Lukisan Nasirun seperti biasa bergaya surealis, mistis, dengan simbol-simbol mitologi, wayang, profilnya, malaikat, bumi dengan dipenuhi banyak hiasan sulur-sulur dan tulisan. Cenderung agak gelap. Lukisan sangat besar ukuran 14 x 2 m menyita ruangan. Berisi berita, gambar para pelaku seni korban covid 19 tahun 2020-2022. Termasuk dalang Seno Nugroho, Miroto, penyair Joko Pinurbo, penyanyi Glenn Fredly.
Lukisan Nasirun yang berkolaborasi dengan vokalis Kunto Aji di Asram Edupark Sleman pada 1 Januari 2026 yang berjudul, Wareg Waras Wiris mewarnai dinding selanjutnya. Kunto Aji dikenal dengan lagunya yang reflektif sebagai penenang jiwa. Albumnya yang terkenal Mantra-mantra dan Kuda Hitam.
Wareg bernuansa biru, Waras merah dan Wiris kuning. Banyak tulisan tangan puisi Nasirun. Beberapa lukisan bernuansa Suara Semesta, Perkawinan Langit Bumi, sosok malaikat dengan warna cenderung gelap.
Uwuh Seni
Ada yang menarik dalam suatu ruangan bertajuk uwuh seni. Ada 360 kertas undangan berbagai pameran direspon dengan lukisan dan coret-coret ala Nasirun. Dibingkai dan disusun menarik. Juga cap dan stempel dikreasikan menjadi menarik.
Memang seniman kreatif. Dulu, waktu berkunjung ke rumah studionya, ditunjuki lukisan model ini yang banyak dipajang di dinding rumahnya.
Apresiasi Affandi
Ada juga ruangan yang didekasikan untuk pelukis Affandi (1907-1990). Nasirun mengidolakan Affandi sebagai salah satu tokohnya, disamping Hendra, S Sudjojono, Widayat, dosennya Fajar Sidik. Beberapa lukisan tokohnya dipajang di dinding rumahnya dan punya koleksi banyak sketsa kertas Affandi. Ada yang di buku tulis.
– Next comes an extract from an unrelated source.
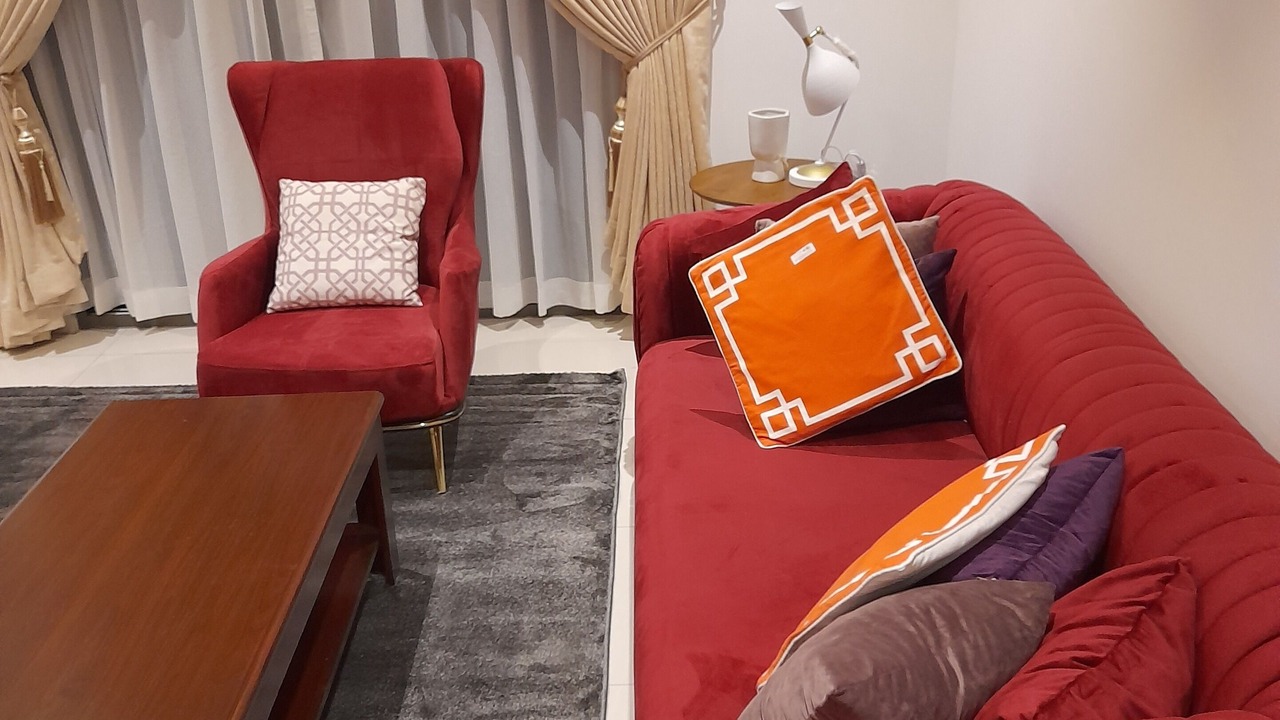Photo of Livingroom in Accra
Dunadi membuat patung Affandi dengan gaya khas dengan cangklong rokoknya. Dilengkapi relief wajah Kartika, putrinya, dan kedua tangan mengatup. Nasirun melengkapi dengan rupa huruf A besar, simbol nama Affandi dan lukisan besar telapak tangan. Juga lukisa huruf A dengan profil tokoh wayang Sukrosono dengan tulisan Realis yang semurni-murninya. Affandi kadang mengasosiasikan diri sebagai Sukrosono.
Di ruangan lain, ada banyak lukisan sketsa Dunadi, karya lama. Juga lukisan Nasirun karya lama. Ada lukisan panjang rumah-rumah di desa dan danau dengan media cat air.
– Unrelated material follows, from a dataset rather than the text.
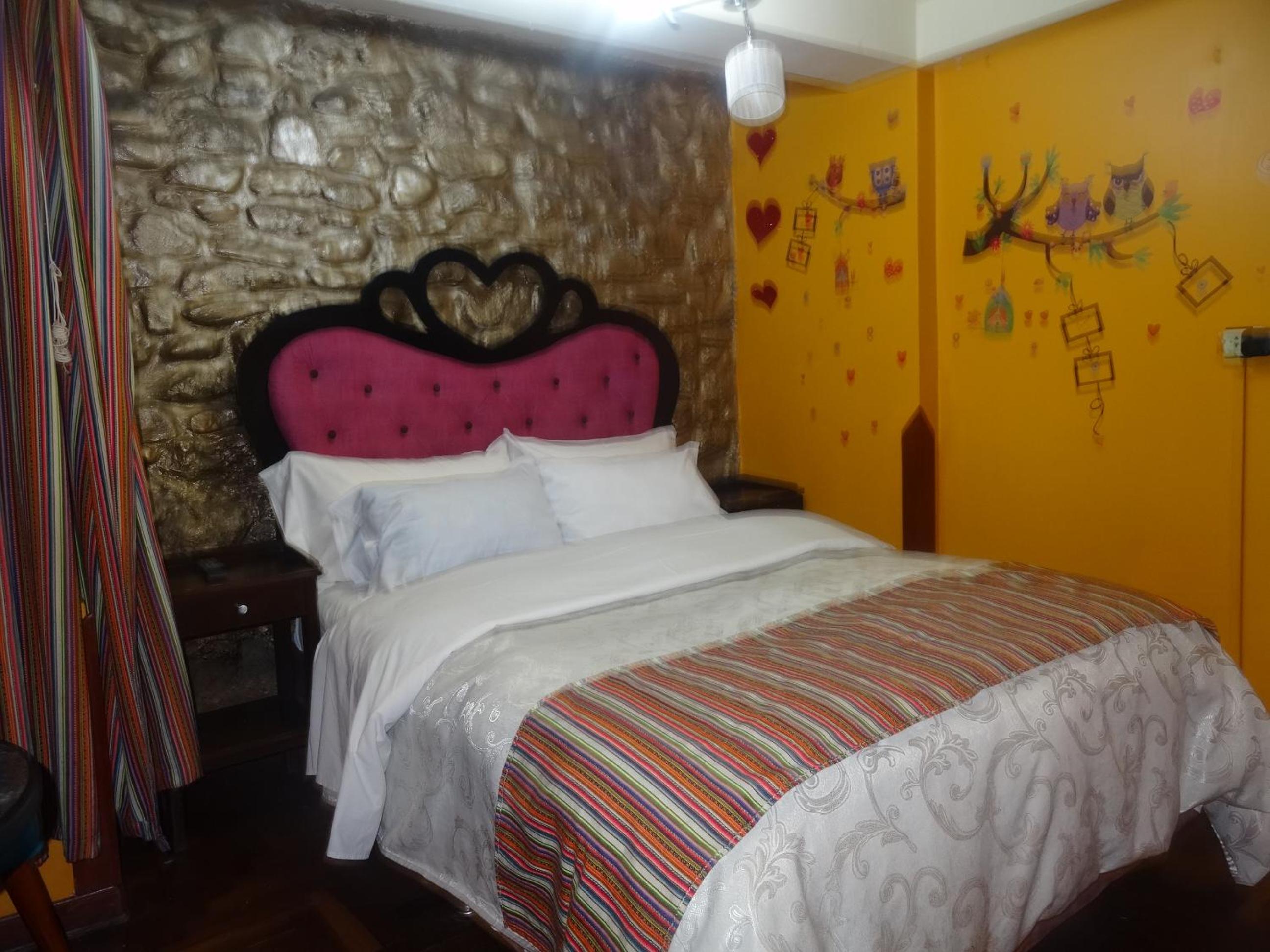 Hostal Casa Del Inka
Di belakang pendopo, ruang terbuka dengan panggung dihiasi patung Basuki Abdullah, Raden Saleh dan lukisan besar profil kepala Dali, pelukis surealis terkenal dari Spanyol. Juga ada patung Gajah Mada besar dan beberapa tokoh sejarah serta patung anak-anak dan buaya darat.
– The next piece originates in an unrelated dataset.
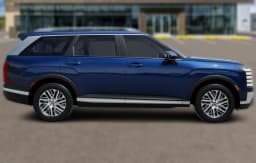 Hyundai Palisade SEL 8P AWD 2027 — side view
Mengasyikkan, menikmati pameran ini. Gedungnya yang luas dan lega. Sepintas melihat lukisan dengan beberapa judul Jati Diri dan juga subjudul thema, seniku mohon maaf lahir batin. Padahal bukan bulan Syawal tetapi kenapa harus ada kalimat maaf lahir batin. Setuju seperti diungkap kurator bahwa itu isyarat Nasirun pamitan. Cara pamitan yang elegan. (Sunaryo Broto, Beji, 11 Agustus 2026)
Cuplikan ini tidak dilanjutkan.